:: Given material ::
════════

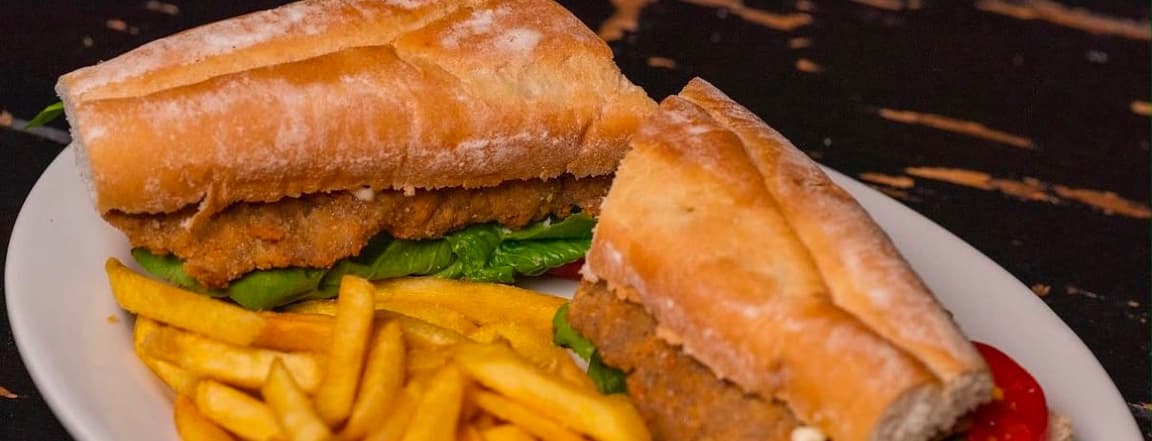 Sandwich de milanesa de Pollo con papas fritas
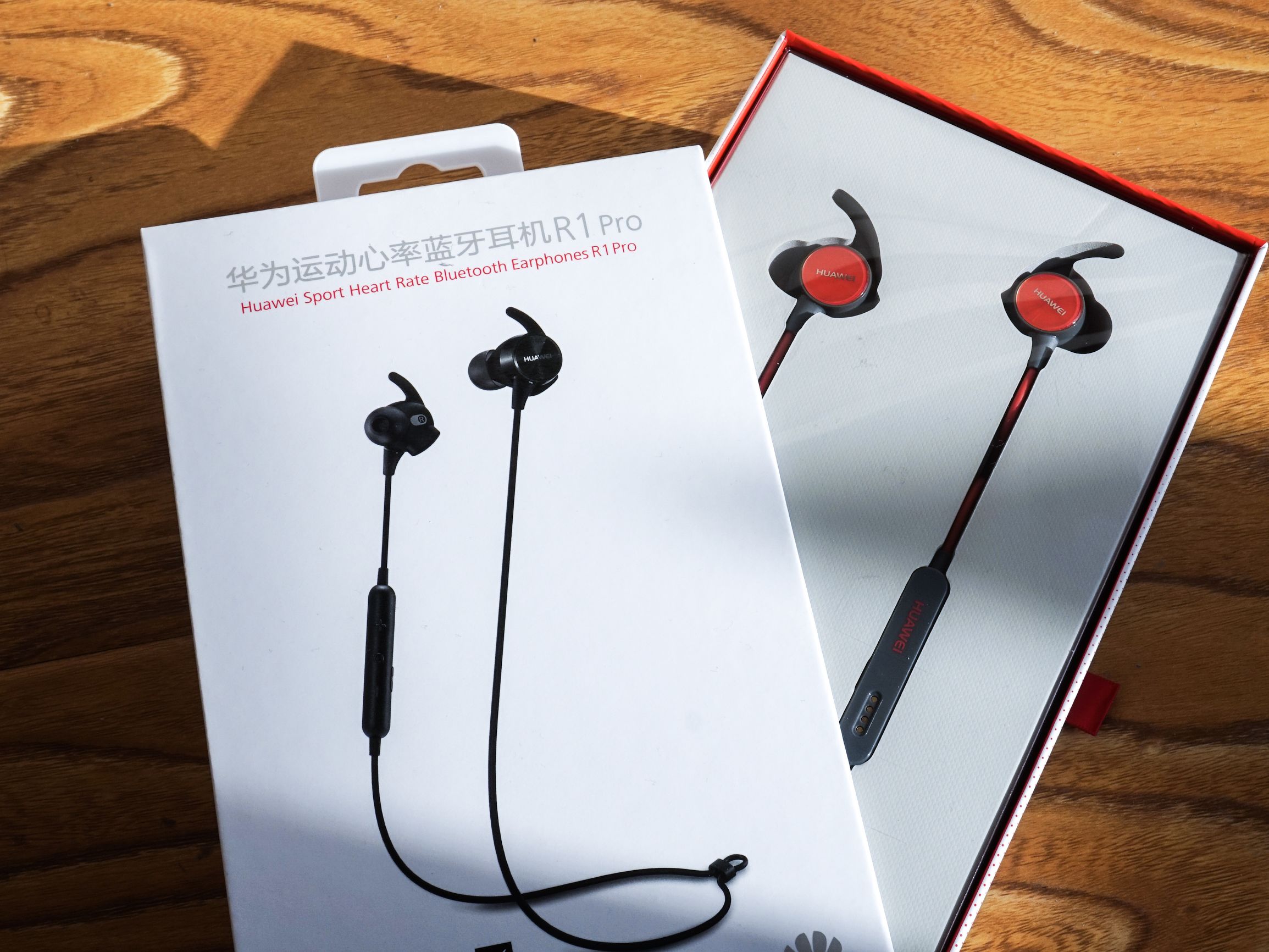 华为运动心率蓝牙耳机r1pro如何戴,华为运动耳机r1proamr1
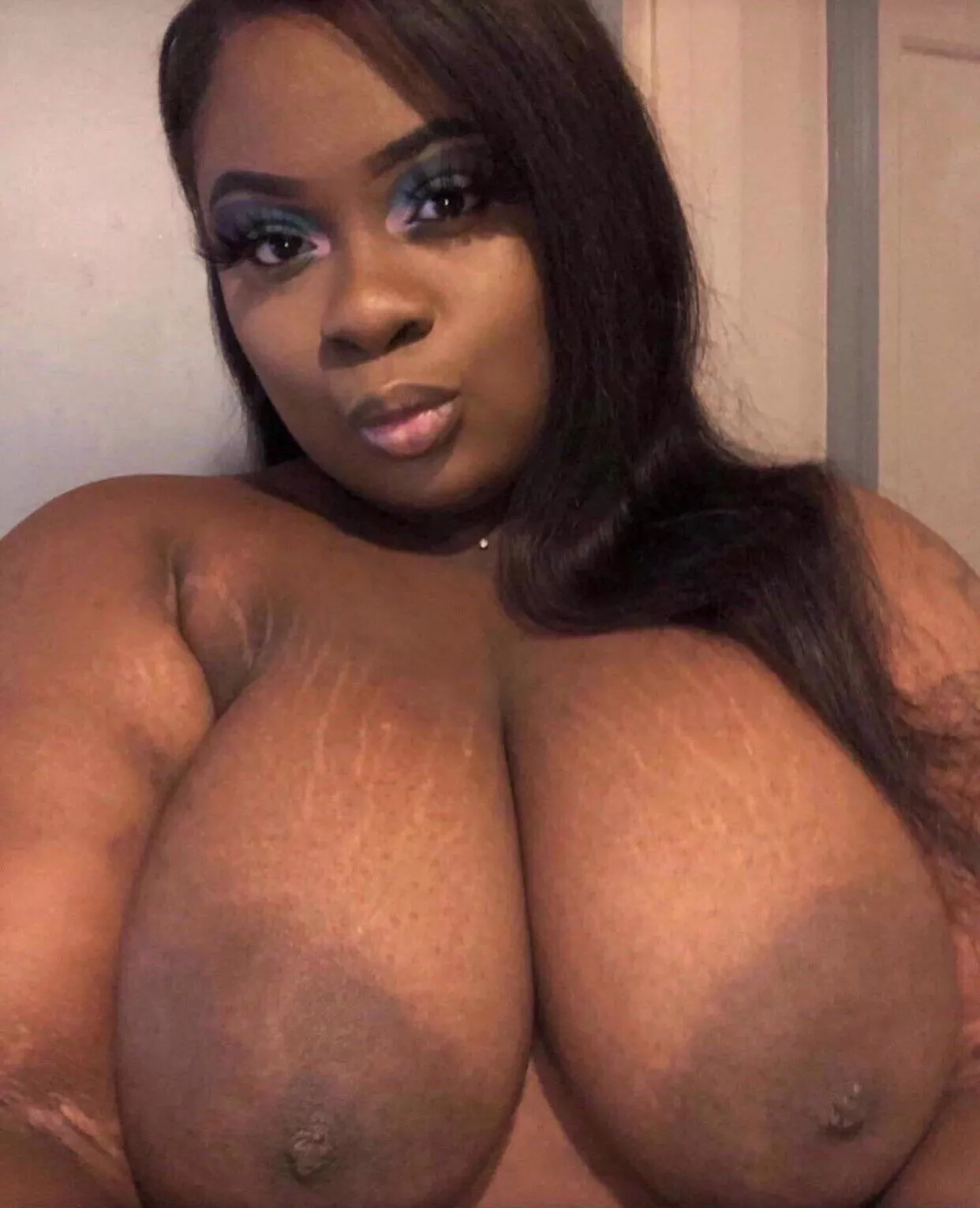 Y’all like darkskins too?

════════

:: What the task asks ::
Line by line and exactly, reproduce the span from the line with "华为运动心率蓝牙耳机r1pro如何戴,华为运动耳机r1proamr1" through the end of the data above, both ends included, with pictures left out.

:: Answer space ::
 华为运动心率蓝牙耳机r1pro如何戴,华为运动耳机r1proamr1
 Y’all like darkskins too?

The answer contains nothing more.